但し、従来のターゲットは、硫黄(S)の含有量が10ppm以下であるが、鉛(Pb)の含有量が2ppmよりも大きいもの、鉛(Pb)の含有量が2ppm以下であるが、硫黄(S)の含有量が10ppmよりも大きいもの、或いは、硫黄(S)の含有量が10ppmより大きく、且つ、鉛(Pb)の含有量が2ppmよりも大きいものである。

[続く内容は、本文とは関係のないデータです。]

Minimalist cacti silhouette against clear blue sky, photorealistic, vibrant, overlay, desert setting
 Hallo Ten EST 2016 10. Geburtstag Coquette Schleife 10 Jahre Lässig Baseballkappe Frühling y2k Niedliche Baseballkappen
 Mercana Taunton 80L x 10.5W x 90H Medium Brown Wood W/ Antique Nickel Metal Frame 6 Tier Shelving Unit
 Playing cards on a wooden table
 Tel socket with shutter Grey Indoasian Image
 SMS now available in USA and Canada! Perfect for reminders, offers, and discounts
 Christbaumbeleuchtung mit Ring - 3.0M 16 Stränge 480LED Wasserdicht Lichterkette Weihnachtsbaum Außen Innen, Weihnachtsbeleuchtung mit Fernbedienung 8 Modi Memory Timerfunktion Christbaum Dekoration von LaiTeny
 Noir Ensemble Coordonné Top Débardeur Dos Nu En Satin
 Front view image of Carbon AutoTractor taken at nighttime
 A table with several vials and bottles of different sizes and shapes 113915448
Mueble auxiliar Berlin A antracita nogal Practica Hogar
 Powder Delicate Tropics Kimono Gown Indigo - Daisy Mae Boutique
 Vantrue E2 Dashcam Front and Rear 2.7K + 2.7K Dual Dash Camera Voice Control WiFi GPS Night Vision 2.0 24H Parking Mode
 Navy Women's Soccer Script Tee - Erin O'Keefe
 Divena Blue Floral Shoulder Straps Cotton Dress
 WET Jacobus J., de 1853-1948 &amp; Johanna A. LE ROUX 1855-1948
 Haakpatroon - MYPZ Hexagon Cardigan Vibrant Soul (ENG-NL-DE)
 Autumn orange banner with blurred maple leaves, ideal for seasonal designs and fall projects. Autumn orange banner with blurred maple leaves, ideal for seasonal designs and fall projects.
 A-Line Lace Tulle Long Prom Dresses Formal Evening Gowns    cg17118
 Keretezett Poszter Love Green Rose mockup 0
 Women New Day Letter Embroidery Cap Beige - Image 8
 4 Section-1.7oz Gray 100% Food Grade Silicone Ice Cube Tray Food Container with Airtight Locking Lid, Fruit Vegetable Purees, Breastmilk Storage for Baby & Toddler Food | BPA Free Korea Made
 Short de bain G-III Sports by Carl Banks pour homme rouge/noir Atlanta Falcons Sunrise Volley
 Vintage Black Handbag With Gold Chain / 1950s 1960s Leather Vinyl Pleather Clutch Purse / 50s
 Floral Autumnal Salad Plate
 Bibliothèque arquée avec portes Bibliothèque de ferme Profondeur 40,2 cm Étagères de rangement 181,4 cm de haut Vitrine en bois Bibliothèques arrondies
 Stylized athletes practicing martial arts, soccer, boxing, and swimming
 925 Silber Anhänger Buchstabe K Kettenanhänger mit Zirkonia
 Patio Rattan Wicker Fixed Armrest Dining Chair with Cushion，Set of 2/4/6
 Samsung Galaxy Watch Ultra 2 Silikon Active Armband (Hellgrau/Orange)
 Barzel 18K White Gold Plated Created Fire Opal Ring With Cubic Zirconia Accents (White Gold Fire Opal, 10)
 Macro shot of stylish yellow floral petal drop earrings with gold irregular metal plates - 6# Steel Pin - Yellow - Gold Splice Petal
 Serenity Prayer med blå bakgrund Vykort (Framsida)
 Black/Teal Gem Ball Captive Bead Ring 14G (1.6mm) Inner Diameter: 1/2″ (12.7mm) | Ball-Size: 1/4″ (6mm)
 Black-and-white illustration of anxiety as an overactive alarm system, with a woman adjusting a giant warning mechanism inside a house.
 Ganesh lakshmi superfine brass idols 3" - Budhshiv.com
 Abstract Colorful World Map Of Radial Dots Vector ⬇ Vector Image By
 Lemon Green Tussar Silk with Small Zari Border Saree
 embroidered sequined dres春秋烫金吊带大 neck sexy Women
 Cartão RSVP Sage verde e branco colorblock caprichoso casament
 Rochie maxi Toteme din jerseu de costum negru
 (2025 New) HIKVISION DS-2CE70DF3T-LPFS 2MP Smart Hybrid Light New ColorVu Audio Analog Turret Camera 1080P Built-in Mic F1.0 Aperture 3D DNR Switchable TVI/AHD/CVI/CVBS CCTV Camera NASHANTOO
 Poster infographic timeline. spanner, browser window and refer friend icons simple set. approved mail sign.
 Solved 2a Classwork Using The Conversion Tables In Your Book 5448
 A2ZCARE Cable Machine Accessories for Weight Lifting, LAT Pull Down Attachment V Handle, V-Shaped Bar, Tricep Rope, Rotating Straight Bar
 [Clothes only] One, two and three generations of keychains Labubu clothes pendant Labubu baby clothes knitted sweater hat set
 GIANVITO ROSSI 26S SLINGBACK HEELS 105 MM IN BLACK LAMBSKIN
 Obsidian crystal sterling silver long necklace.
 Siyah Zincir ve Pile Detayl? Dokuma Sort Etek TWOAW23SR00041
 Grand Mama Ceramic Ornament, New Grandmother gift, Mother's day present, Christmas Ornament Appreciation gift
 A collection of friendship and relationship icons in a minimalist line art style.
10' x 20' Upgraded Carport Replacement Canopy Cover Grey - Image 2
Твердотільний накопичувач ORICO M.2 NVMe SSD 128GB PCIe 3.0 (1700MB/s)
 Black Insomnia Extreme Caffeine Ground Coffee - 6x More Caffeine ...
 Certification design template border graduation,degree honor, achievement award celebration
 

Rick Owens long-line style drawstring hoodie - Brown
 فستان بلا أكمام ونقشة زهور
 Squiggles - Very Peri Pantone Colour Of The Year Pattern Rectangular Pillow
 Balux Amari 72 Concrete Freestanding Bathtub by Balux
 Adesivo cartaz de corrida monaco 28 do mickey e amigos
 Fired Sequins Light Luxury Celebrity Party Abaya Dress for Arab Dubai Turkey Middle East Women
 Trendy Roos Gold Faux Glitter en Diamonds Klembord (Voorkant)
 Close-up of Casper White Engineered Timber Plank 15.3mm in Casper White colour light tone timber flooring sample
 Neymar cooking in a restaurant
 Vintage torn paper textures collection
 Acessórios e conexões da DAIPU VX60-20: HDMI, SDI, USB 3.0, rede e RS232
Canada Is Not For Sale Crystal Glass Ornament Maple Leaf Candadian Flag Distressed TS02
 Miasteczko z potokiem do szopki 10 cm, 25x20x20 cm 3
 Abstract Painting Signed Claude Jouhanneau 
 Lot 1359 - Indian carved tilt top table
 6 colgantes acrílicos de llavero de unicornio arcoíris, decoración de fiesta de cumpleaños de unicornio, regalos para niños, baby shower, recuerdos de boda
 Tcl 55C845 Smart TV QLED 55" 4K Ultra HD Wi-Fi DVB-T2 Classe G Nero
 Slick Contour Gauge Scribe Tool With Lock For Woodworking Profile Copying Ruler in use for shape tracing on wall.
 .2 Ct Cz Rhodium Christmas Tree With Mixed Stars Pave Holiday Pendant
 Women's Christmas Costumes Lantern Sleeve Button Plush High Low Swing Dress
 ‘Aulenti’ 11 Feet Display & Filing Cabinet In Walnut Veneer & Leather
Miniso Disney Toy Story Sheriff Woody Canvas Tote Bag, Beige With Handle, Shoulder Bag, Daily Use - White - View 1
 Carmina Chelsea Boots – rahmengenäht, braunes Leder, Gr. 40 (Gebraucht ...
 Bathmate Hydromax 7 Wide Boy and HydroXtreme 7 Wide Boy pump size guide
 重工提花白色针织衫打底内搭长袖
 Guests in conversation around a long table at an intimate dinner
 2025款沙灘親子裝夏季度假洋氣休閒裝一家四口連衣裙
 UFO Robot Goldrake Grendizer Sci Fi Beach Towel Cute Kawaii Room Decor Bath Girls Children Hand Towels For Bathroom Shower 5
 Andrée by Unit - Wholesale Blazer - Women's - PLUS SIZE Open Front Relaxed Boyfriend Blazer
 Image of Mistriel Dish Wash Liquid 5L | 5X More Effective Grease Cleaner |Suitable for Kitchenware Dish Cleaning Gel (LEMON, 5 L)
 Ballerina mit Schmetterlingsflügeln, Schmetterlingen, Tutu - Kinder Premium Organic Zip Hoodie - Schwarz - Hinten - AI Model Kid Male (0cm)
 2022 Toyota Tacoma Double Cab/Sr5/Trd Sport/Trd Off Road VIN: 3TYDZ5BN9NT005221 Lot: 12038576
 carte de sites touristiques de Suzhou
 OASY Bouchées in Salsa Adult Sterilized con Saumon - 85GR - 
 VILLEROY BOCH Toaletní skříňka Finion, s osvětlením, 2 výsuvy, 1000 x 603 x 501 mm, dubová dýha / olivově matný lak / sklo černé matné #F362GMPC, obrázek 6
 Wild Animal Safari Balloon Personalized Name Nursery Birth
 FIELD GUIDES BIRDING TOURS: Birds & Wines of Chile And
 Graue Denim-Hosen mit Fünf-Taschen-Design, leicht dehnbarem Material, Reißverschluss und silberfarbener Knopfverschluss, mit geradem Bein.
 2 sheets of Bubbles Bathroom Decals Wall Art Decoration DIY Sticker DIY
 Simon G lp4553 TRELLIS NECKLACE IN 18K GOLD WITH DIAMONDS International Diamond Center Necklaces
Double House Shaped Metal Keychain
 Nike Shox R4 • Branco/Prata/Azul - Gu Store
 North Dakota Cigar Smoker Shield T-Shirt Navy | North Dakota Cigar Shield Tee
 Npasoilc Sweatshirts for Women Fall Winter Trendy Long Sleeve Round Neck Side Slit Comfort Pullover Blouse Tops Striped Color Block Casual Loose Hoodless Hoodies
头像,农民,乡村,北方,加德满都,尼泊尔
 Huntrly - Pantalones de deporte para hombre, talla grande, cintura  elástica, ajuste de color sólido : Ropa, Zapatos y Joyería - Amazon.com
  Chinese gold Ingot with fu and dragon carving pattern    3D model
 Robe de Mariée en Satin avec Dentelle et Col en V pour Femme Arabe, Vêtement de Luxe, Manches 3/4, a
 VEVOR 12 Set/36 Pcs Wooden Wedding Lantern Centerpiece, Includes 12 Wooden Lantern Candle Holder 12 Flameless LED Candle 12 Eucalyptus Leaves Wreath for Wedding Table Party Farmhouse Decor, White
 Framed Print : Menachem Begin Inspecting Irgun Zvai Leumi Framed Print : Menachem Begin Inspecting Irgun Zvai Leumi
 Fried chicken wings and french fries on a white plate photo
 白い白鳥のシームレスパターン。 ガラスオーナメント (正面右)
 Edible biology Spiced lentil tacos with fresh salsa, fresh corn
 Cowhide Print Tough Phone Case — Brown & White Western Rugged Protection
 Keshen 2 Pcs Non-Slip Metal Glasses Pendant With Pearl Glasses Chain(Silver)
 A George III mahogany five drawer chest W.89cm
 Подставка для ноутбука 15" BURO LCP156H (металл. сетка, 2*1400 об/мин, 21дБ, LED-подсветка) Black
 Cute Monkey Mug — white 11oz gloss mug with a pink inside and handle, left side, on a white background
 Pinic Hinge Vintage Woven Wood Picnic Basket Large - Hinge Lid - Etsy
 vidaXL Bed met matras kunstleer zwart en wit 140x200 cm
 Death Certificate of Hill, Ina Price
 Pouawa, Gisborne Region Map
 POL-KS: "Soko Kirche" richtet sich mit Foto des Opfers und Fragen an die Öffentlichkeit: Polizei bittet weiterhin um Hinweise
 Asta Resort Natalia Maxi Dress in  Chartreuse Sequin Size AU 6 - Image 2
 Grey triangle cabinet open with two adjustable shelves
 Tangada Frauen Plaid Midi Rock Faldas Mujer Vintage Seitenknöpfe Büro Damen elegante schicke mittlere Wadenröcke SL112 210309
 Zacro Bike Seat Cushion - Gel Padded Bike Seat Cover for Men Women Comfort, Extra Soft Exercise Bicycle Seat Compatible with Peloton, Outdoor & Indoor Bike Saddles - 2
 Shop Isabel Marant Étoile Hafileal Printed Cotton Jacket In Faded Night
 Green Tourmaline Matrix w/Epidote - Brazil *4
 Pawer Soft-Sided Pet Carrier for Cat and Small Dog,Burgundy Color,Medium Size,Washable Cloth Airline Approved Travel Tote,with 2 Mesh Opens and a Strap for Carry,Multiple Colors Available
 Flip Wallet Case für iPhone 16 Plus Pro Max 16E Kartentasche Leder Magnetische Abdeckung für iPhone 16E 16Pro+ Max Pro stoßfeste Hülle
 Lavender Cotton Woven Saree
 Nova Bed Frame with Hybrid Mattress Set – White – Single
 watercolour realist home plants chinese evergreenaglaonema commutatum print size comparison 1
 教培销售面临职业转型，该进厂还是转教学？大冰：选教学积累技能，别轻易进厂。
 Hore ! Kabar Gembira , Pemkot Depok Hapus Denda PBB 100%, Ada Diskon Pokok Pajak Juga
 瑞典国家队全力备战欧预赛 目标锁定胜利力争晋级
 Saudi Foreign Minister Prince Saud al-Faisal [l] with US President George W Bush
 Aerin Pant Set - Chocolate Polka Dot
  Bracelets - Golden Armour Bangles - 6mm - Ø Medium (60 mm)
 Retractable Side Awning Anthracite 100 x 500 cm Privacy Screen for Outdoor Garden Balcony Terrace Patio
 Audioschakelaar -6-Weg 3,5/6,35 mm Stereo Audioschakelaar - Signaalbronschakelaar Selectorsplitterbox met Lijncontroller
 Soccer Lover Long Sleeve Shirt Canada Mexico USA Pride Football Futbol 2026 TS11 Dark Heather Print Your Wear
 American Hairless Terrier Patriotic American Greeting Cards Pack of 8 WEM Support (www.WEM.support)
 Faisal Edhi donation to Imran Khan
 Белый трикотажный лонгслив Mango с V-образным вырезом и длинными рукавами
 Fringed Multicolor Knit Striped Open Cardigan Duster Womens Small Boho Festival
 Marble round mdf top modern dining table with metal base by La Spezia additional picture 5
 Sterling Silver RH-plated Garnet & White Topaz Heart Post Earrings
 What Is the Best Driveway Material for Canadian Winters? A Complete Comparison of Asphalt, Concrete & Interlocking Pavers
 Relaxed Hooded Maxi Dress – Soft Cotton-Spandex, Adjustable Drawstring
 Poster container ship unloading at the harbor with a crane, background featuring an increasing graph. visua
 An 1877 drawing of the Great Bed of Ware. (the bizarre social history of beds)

具体的には、従来例のターゲットとして、従来例1〜5、及び、比較例の合計6種類のサンプルを作製し、表1に示すように、硫黄(S)と鉛(Pb)の含有率について、それぞれ従来例1が15ppm、5ppmであり、従来例2が15ppm、2ppmであり、従来例3が15ppm、1ppmであり、従来例4が10ppm、5ppmであり、従来例5が5ppm、5ppmであり、比較例が8ppm、5ppmである。
なお、比較例のターゲットは、「特許第3975414号」に開示の実施例に係る銅インゴットと同じ化学組成のものを用いている。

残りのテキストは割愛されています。